05
「ささ こんな趣味の悪い服は脱ぐざます」
「あら!ねェジョーラ これとか似合いそうじゃない?」
「んま〜全っ然ダメざますわ!ここは芸術家のあたくしに任せてあーたは大人しく引っ込んでなさい」
「ベビー5が持ってたドレスの方が可愛かったわ。ジョーラのは色も趣味も古臭くてダサい感じがする」
「お黙り!お子ちゃまなあーたにはこの芸術の素晴らしさが分からないのざます」
「うるさいしお子ちゃまじゃない」
私の目の前でドンキホーテファミリー女性陣達によるファッション講義が始まった。自称芸術家のジョーラとメイド服のスカート丈がびっくりするほど短いベビー5、そして子供らしい白地に水色水玉のワンピースを着ながらグレープを食べているシュガー。
ちなみにモデルは私。天竜人服は趣味が悪いと言われ速攻脱がされ代わりに何十着ものドレスを着させられている。確かに趣味悪いのは事実だから反論できないのが悔しい。

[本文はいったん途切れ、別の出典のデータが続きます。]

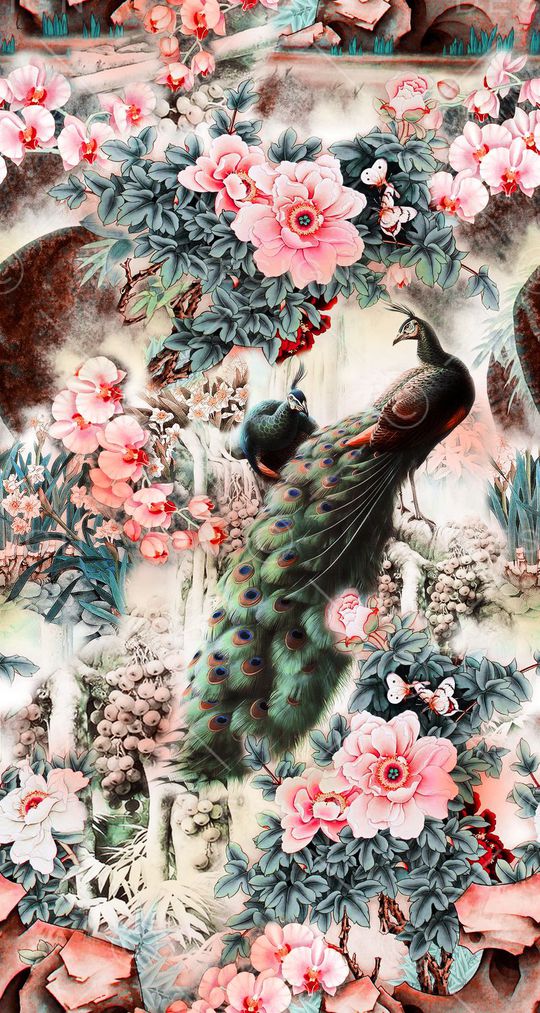 中国风印花华亿平台图片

いやしかしね、本当もう何がどうしてこうなった?って感じだよね。わかる。あの残酷非道なドフラミンゴの事だからてっきり地下牢なんかにブチ込まれるかサクッと殺されるかの2択だと思ってたら丁重にもてなされて着飾られて…一体何を考えてるのか訳がわからない。
「ねェ あなたどんな色が好きなの?」
「え?あ、そうですわね…ピンクが好きですわ」
「そう。やっぱり女の子はピンクよね!ちょっと待ってて」
突然話しかけてきたベビー5は私の好きな色を聞くとドレスが沢山並んでいる方へと走って行った。
さっきはドフラミンゴとトレーボルに追いかけられて寿命が縮む思いをしたけどなんだかこの女だけの空間は少し安心する。

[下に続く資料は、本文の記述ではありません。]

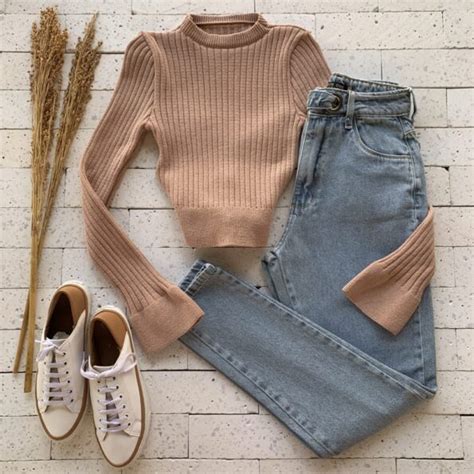 Cropped Modal Canelado Manga Longa Amarra O Nude Dondoca Moda Feminina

まぁドフラミンゴやトレーボルがいた時に比べてって意味だけども。
一体私の愛しのエースはどこに行ってしまったんだろう。エースは強いから滅多にやられることなんてないと思うけど心配だ。変装なんかもしてないし海軍に見つかりでもしたらと思うと気が気じゃない。
「変な顔」
ん?変な顔?
「若様のあんたへの興味なんてすぐ無くなるんだから変な期待はしないことね」
冷たい口調でそう言われ、声のする方を見ると若干鋭い目をしたシュガーと目があった。
いや期待ってなんやねん。こちとらどうすりゃここから逃げられるかしか考えてないってのに何お門違いなことを言ってるんだね君は。
「あら 興味をなくしてくれるならそれ以上に嬉しいことはありませんわ。ご忠告どうもありがとうございまし」
負けじと嫌味も混ぜてそう返せばシュガーの目が更に鋭くなった。
「いいわ 若様が興味をなくしたその時は私があんたをオモチャにしてあげる」
覚悟してなさい、と言う捨て台詞と共にシュガーが部屋を出て行った。
や、やばい!!言いすぎた!?私ドフラミンゴから興味無くされたらあの子にオモチャにされちゃう系なの?シンプルにやばくね?
みんなに、エースに忘れられちゃうって事でしょ?………うん、無理!そんなの耐えられない!
でもちょっと嫌味言っただけでオモチャにするか普通?人の命をなんだと思ってるんだまったく。
「ね、これ着てみて!あなたに似合うドレスをーーあら シュガーは?」
さっきまでこの部屋にいたシュガーが見当たらず首を傾げるベビー5。
(ほぼ)殺す宣言されましたなんて事は言わず、私も知らないと首を振っておいた。